Dear colleagues,
I kindly invite you to join my defense* next week on Tuesday (16.12.) 16:30 at Engehalde 8, Seminarraum 109. I would be glad if you'd also join an Apéro at the Schmiede afterward. If the weather allows it and people are in the mood, we may then go to the Sternenmarkt for a Glühwy.
Cheers
Alex
*Dissertation Title:
Bridging the Data Desert: Mitigating Challenges of Model Accessibility in Simulink Research
Abstract:
Simulink is the industry standard for model-driven development in safety-critical domains such as automotive, aerospace, and medical devices. However, empirical research in the context of Simulink faces a persistent challenge: a scarcity of high-quality, industry-representative models that are essential for rigorous tool evaluation, empirical validation, and reproducible studies. This scarcity not only slows down scientific progress but also contributes to a replication crisis in the field -- primarily due to the unavailability of experimental models.

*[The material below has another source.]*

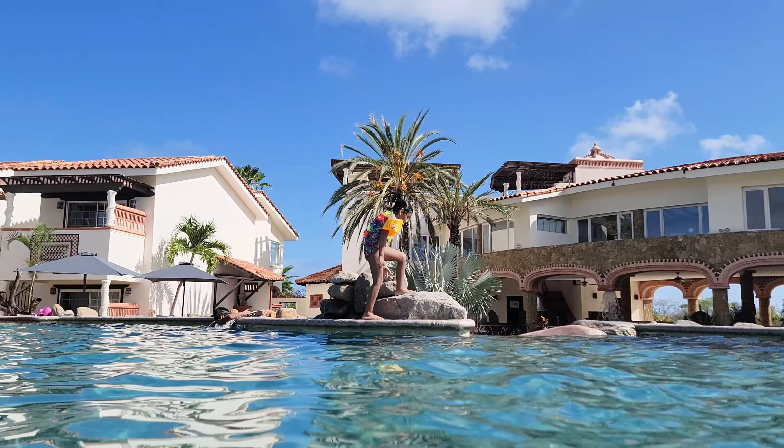It had everything you need — a couple pools, restaurant, bar, and of course golf. But you can't spend your whole trip at the resort, so we headed out to see what Cabo San Lucas had to offer.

This thesis addresses this challenge through three interconnected contributions, grounded in a multi-method approach that includes a systematic literature review, empirical case studies, community surveys, dataset analysis, and tool prototyping and validation:
*
A diagnosis of model scarcity demonstrating that the lack of models limits the ability to conduct empirical research and also contributes to only 9\% of Simulink tool studies meeting replicability criteria (i.e., all artifacts available).
*
An assessment of existing open-source Simulink models and datasets, evaluating their suitability for empirical research and investigating their limitations in scale, complexity, and industrial realism. Through case studies -- including model matching, analyzing bus architecture of Simulink models, and investigating commenting practices -- we demonstrate that open-source models, while imperfect, can serve as valuable research subjects for empirical investigation when carefully selected and used appropriately.
*
To address the lack of (i) large-scale and (ii) industry-representative models, we developed two novel tools: (i) GRANDSLAM, a linearly scaling synthesizer for Simulink that generates models with adjustable properties, enabling the synthesis of very large open-source models; (ii) SMOKE, a model anonymizer that removes sensitive information from Simulink models while preserving their structural properties, thus facilitating the sharing of real-world models without violating intellectual property constraints.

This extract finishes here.